What to do: Print only the lines below from the one with "Kylie Jenner Leaks" to the one with "Preview: Akrapovic header", both included, exactly as they stand. Leave pictures out.

Material provided:
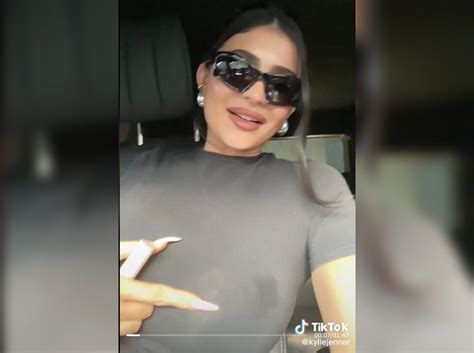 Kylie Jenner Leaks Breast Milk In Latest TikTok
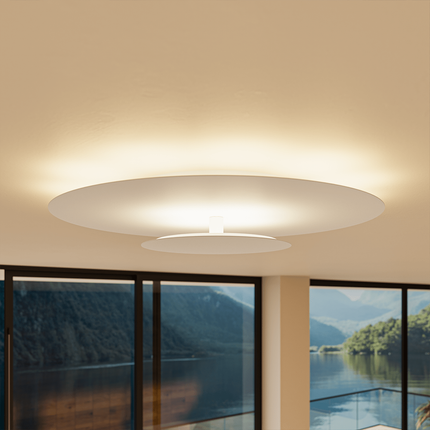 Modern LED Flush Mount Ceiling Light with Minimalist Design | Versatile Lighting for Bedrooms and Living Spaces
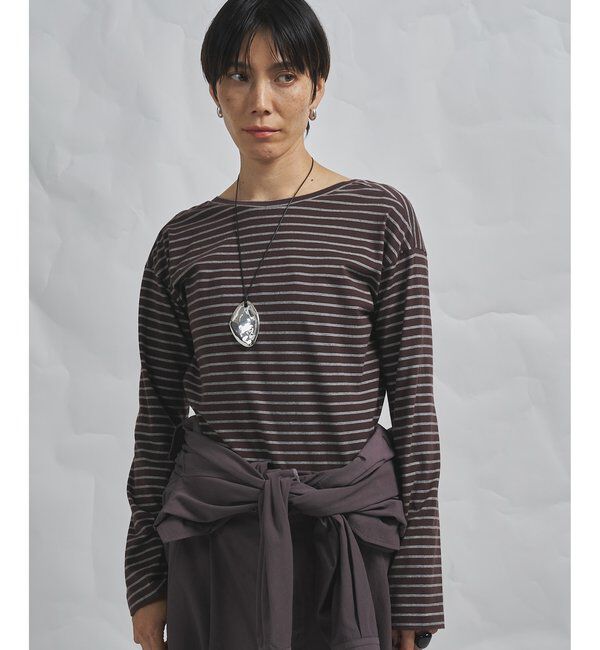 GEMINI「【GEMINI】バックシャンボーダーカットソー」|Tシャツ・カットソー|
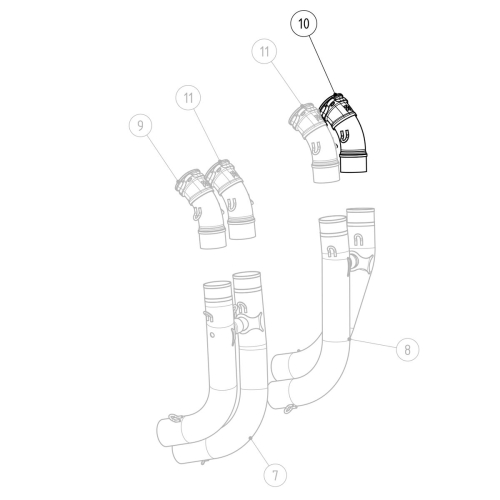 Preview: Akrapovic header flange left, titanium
--
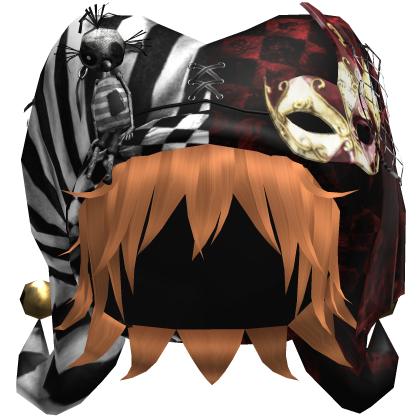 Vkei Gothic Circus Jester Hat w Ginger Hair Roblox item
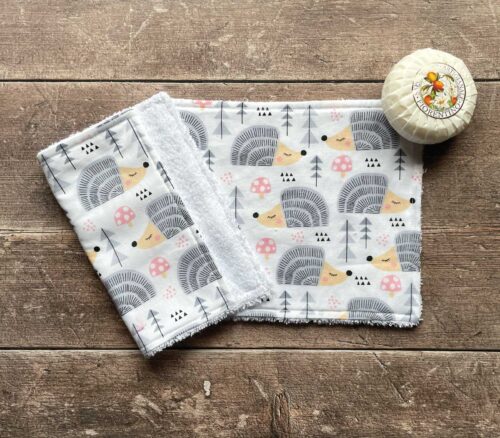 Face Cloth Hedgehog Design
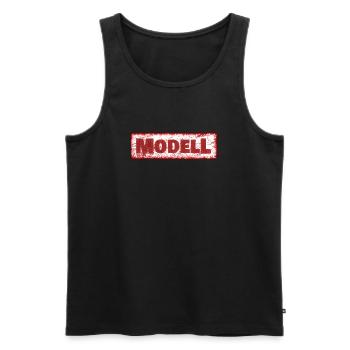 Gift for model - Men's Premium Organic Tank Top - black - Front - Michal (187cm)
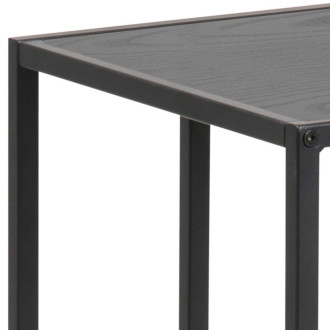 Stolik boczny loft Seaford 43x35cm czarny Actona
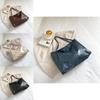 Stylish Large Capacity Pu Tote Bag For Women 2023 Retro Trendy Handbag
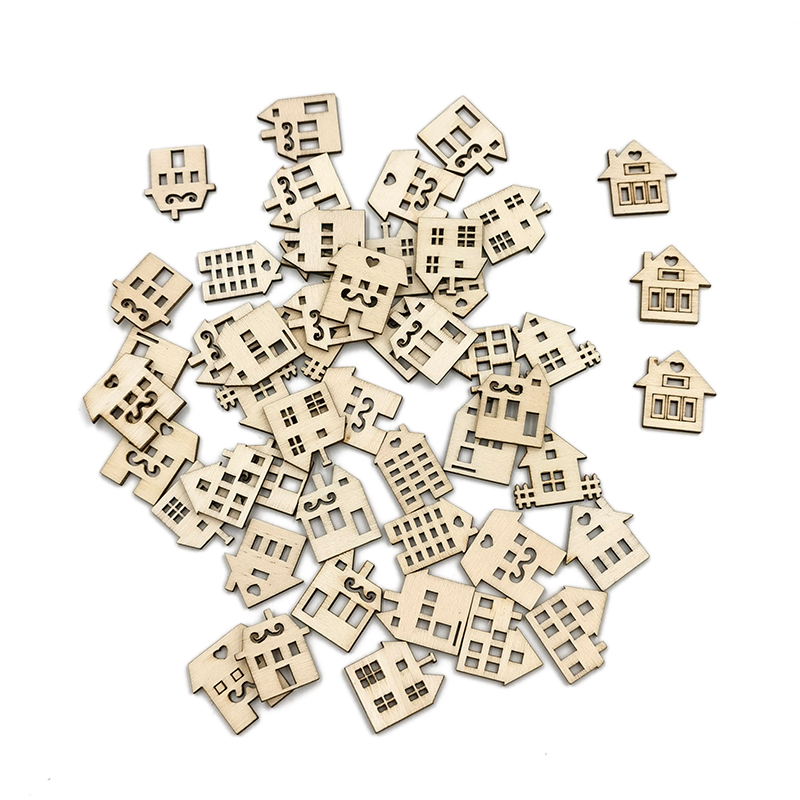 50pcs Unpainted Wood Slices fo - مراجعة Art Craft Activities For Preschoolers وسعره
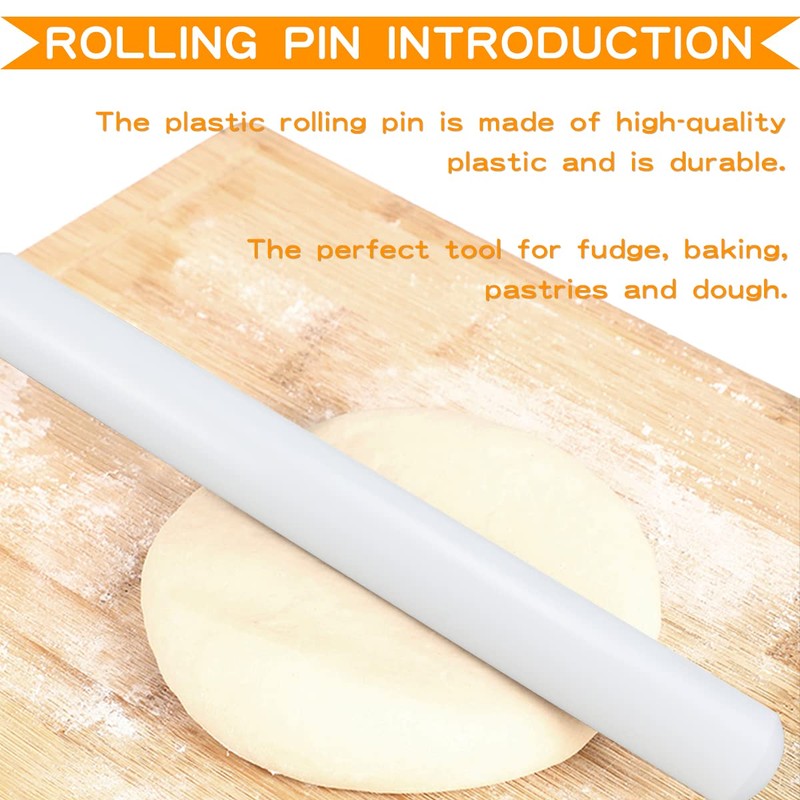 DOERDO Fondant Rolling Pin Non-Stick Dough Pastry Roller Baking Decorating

Reply:
 Kylie Jenner Leaks Breast Milk In Latest TikTok
 Modern LED Flush Mount Ceiling Light with Minimalist Design | Versatile Lighting for Bedrooms and Living Spaces
 GEMINI「【GEMINI】バックシャンボーダーカットソー」|Tシャツ・カットソー|
 Preview: Akrapovic header flange left, titanium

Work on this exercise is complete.